The Social Media Effect on our Lives
For most, this is your reality:
“We don’t commit. We don’t see the point. They’ve always said there are so many fish in the sea, but never before has that sea been right at our fingertips; a simple left or right swipe away. Bumble, Tinder, Hinge; Facebook, IG; take your pick. We can order up a human being in the same way we can order up Pad Thai. Social media has ruined the idea of relationships for an entire generation; where “great” is replaceable and perfect doesn’t exist. We think intimacy lies in a perfectly-executed string of emojis. We think effort is a “good morning” text. We say romance is dead, because maybe it is. Maybe romance now is putting the phone down long enough to look in each other’s eyes at dinner. Maybe romance is deleting Tinder off your phone after an incredible first date with someone. Maybe romance is still there, we just don’t know what it looks like now.
When we choose—if we commit—we are still one eye wandering at the options. We want the beautiful cut of filet mignon, but we’re too busy eyeing the mediocre buffet, because of choice. Our choices are killing us. We think choice means something. We think opportunity is good. We think the more chances we have, the better. But, it makes everything watered-down. Never mind actually feeling satisfied, we don’t even understand what satisfaction looks like, sounds like, feels like. We’re one foot out the door, because outside that door is more, more, more. We don’t see who’s right in front of our eyes asking to be loved. We long for something that we still want to believe exists. Yet, we are looking for the next thrill, the next jolt of excitement, the next instant gratification. We keep running on a treadmill for purpose and fulfillment, but these terms are merely carrots-on-a-stick we will never catch because we treat happiness as a destination, not a journey. We expect to look up and suddenly be happy one day, like a switch was flipped. Guess what; bad days will always exist. But so will the good ones. Happiness is not found is our friends, partner, profession, or things; rather it’s a individual mindset found through consistent maturity handling your shit like a boss.

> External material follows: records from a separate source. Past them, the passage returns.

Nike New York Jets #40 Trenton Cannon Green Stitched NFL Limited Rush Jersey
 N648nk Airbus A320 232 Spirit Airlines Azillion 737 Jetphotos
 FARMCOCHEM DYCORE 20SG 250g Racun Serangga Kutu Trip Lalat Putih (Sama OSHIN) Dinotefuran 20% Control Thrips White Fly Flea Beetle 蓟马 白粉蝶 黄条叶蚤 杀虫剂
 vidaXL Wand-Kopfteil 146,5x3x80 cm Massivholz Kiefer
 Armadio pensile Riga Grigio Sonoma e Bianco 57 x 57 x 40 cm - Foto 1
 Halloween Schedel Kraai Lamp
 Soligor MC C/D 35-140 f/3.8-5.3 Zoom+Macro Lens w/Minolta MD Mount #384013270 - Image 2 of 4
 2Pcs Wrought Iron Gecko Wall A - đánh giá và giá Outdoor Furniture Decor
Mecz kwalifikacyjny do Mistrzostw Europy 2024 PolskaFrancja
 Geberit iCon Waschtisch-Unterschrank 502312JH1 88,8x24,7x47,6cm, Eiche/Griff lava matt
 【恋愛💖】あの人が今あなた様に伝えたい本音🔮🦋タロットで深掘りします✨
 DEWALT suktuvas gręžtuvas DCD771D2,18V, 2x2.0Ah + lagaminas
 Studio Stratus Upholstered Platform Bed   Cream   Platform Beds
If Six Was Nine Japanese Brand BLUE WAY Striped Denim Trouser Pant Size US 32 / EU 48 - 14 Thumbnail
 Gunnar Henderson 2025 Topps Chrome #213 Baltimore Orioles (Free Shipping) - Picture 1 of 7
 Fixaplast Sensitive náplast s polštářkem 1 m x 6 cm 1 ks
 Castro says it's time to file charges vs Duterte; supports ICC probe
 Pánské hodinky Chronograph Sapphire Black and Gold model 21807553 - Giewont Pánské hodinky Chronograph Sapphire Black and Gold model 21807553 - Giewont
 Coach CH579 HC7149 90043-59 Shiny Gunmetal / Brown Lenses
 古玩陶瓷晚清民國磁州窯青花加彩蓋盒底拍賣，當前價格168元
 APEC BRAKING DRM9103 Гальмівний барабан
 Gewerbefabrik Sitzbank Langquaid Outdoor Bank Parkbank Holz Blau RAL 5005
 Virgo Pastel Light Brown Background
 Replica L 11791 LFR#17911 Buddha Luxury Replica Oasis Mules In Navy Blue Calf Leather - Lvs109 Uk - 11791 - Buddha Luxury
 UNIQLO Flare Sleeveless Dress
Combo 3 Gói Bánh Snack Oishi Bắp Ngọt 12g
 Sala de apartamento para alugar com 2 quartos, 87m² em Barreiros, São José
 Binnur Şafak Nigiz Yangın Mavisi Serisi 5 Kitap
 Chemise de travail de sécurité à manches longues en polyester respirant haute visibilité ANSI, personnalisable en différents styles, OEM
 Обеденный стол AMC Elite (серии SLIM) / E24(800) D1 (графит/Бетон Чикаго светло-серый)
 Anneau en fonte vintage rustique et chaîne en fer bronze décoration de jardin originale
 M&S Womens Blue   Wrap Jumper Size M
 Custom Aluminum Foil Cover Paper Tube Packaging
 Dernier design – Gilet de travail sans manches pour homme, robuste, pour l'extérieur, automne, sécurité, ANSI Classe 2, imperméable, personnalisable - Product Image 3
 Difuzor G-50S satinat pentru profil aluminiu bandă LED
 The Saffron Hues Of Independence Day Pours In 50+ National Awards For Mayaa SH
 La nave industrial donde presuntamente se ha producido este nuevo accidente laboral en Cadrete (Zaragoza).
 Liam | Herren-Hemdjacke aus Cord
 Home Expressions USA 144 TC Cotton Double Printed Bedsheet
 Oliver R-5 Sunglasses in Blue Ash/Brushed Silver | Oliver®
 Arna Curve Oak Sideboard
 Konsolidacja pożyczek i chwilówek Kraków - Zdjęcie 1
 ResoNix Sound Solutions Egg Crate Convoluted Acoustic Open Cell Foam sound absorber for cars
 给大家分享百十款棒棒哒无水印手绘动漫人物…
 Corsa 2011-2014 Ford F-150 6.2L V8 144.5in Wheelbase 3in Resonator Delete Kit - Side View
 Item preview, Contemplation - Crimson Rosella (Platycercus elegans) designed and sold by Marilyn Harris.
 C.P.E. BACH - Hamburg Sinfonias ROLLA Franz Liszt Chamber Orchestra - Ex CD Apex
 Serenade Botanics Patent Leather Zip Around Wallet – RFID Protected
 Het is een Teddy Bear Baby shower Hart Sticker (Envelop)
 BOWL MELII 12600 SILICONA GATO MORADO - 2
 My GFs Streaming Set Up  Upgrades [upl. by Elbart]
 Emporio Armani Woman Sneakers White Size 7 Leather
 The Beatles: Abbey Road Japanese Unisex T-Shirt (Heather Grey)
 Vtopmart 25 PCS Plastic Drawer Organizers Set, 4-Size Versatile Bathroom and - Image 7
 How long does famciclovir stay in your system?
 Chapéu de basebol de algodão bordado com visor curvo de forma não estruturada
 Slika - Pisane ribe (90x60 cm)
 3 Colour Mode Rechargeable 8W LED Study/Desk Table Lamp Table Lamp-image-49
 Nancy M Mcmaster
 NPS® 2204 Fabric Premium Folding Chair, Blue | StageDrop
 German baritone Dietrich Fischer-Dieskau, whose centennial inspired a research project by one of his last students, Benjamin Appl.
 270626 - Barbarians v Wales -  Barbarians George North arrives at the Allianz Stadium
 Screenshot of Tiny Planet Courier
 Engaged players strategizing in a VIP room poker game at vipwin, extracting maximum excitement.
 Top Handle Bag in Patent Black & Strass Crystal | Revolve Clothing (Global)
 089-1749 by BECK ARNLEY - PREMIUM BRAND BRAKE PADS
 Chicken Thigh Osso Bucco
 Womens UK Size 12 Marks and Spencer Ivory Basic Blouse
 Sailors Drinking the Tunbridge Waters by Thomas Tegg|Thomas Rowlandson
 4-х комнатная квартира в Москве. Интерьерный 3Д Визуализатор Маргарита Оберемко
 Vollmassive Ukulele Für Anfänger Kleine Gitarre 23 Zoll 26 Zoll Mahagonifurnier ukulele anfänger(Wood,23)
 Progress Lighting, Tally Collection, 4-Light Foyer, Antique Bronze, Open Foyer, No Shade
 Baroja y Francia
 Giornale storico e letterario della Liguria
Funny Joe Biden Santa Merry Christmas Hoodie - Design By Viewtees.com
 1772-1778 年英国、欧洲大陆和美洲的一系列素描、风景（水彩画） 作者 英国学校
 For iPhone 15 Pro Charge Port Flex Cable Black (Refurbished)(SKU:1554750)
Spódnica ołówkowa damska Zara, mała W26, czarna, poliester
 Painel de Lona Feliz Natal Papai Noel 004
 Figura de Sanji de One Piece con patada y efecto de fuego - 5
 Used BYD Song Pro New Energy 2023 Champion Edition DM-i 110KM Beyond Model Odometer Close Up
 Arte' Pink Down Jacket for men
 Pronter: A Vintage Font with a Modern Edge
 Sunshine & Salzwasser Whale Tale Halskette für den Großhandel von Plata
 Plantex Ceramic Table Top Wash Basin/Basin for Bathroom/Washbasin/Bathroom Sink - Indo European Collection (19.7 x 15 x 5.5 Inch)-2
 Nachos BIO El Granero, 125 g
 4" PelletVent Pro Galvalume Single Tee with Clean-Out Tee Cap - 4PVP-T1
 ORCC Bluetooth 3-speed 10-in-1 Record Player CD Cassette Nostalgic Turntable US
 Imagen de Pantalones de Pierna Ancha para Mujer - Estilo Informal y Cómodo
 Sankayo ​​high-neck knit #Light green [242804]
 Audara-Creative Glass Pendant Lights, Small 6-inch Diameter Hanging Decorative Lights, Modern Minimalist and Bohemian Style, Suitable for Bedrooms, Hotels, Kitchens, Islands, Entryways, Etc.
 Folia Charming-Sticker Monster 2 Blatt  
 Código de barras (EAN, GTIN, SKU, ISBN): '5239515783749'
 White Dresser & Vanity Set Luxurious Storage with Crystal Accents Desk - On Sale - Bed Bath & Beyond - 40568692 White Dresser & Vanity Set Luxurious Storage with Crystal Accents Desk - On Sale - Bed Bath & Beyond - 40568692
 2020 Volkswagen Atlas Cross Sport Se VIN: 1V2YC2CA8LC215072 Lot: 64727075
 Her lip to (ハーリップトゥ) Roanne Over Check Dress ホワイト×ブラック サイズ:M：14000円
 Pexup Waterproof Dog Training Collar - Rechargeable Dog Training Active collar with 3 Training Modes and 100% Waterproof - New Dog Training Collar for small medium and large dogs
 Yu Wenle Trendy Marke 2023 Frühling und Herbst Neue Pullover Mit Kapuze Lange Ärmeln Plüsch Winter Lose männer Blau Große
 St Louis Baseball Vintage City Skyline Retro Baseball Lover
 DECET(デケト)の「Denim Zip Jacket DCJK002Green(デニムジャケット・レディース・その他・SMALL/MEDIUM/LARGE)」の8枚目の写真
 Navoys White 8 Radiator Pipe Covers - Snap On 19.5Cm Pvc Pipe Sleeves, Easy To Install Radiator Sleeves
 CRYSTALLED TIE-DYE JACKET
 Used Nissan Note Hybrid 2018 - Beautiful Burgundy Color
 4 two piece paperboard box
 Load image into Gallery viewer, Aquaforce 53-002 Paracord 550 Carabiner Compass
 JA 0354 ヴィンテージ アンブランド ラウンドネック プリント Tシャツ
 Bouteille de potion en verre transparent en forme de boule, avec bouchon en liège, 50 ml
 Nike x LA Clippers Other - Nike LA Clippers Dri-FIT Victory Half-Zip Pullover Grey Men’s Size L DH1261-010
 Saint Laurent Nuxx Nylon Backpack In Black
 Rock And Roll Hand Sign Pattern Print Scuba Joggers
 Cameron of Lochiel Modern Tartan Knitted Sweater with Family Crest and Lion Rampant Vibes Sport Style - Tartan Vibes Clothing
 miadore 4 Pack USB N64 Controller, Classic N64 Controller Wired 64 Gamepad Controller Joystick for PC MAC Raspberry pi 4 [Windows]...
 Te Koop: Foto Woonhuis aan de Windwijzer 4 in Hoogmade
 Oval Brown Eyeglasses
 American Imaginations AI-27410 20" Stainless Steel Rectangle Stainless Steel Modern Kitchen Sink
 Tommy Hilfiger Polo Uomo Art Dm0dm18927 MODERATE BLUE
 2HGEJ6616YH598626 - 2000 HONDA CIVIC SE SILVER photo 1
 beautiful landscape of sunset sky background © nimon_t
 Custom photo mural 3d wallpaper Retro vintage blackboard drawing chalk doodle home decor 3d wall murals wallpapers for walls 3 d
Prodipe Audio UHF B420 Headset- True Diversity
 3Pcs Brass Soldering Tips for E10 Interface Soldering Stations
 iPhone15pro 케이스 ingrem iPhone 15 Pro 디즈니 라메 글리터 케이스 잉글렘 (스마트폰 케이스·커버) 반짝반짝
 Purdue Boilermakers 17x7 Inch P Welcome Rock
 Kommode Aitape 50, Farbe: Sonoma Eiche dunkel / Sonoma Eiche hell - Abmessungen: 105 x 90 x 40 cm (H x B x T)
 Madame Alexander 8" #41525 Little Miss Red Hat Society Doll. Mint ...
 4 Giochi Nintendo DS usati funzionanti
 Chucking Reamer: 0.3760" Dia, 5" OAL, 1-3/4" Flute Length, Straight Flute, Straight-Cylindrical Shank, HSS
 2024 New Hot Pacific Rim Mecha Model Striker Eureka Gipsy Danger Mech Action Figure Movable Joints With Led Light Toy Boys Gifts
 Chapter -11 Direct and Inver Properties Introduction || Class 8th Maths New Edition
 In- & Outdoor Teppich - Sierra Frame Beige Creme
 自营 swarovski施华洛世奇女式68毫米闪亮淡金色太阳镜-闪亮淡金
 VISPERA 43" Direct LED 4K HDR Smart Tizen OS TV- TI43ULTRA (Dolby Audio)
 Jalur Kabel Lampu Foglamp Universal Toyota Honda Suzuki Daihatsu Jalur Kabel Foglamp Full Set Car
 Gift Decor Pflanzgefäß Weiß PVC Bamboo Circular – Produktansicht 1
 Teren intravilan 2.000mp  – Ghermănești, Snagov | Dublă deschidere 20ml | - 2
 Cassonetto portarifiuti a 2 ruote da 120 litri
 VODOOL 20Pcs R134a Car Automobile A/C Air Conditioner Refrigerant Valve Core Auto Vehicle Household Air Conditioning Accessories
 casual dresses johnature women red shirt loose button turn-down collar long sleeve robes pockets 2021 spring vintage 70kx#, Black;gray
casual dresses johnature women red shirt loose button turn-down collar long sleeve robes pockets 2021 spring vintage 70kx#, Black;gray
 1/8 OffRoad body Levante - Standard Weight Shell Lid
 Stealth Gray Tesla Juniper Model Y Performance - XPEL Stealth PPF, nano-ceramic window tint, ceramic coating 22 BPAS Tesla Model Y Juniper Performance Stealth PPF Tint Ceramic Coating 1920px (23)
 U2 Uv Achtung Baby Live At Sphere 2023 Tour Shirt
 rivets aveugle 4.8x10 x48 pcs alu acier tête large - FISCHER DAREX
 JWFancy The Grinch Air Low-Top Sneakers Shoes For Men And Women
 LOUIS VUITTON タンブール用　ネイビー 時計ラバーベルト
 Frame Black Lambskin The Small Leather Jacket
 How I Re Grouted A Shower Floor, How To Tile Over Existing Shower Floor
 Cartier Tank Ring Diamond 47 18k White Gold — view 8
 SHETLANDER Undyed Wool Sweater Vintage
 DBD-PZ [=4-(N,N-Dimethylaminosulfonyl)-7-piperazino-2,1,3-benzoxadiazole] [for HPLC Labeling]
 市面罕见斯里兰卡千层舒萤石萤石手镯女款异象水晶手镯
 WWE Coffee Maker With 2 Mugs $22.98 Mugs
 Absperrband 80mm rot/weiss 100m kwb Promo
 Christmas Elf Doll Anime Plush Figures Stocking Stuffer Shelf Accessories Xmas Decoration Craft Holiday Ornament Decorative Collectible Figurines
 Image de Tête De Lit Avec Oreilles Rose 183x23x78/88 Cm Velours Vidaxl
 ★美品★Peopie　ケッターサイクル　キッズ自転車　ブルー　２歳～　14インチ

We soothe ourselves and distract ourselves and, if we can’t even face the demons inside our own brain, how can we be expected to stick something out, to love someone even when it’s not easy to love them? We bail. We leave. We see a limitless world in a way that no generation before us has seen. We can open up a new tab, look at pictures of Bali, pull out a Passport, and book a plane ticket. We don’t do this, but we can. The point is that we know we can, even if we don’t have the resources to do so. There are always other tantalizing options. Open up Instagram and see the lives of others, the life we could have. See the places we’re not traveling to. See the lives we’re not living. See the people we’re not dating. We bombard ourselves with stimuli, input, input, input, and we wonder why we’re miserable. We wonder why we’re dissatisfied. We wonder why nothing lasts and everything feels a little hopeless. Because, we have no idea how to see our lives for what they are, instead of what they aren’t.”